1. This ST consists of epoxy impregnated hollow core polyester thread wound around a spool. After the epoxy has cured, the spool is removed leaving behind the toroid (2). The toroid (2) is then given three coats of (gel type) copper bond epoxy in order to provide a good hard drill able surface. The thread has a part number of 361sy and is made by Invista. It is .002 in. in diameter and consists of 50 hollow core filaments.

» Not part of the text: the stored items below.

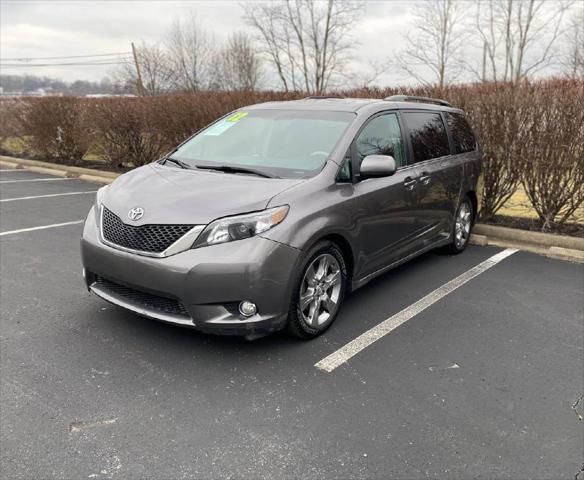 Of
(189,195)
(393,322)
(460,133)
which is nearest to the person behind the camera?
(189,195)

2. The thread is purposely broken 6 evenly spaced times in the course of the wind. All the thread start ends (3 typical) and stop ends (8 typical) are positioned in the termination zone (6). The last 4 turns before a stop stay to the left of the termination zone and the last turn transition over to the zone with in the last quarter turn. The first 4 turns after a start stay to the right of the termination zone and the first turn transition over to the right with in the first quarter turn. The 7 start and 7 stop ends are relatively evenly distributed across the width of the termination zone.

3. The 5 output holes (5) and 5 input holes (7) are drilled in a staggered pattern so that any thread going into or out of the termination zone will be cut at least once. The air will be sucked into both ends of the input holes (7) and blown out of both ends of the output holes (5). For practical purposes, one end of the holes need to be plugged (but not filled) and the other connected to manifolds.

4. (1) is a typical PRC (pressure realization chamber) hole. The entire surface of the toroid outside the boundary lines (4) is to be covered with them. They are drilled in an 1/8 in. spacing hexagonal pattern with an angular offset of 1 in 2.89. This will result in every thread being cut at least once by a PRC hole approximately every .75 in. After drilling and cleaning out, these PRC holes are to be plugged but not filled on both ends. I used the same (gel type) copper bond epoxy for this.

5. The arrows (9) show the direction of air flow through the hollow filaments around the toroid. The air is propelled by the natural process called the channelized air effect (CAE). This Is the same natural process that creates the powerful air flow in tornadoes. This is why I call it a synthetic tornado. This internal perpetual air flow causes air to be sucked into holes (7) and blown out of holes (5).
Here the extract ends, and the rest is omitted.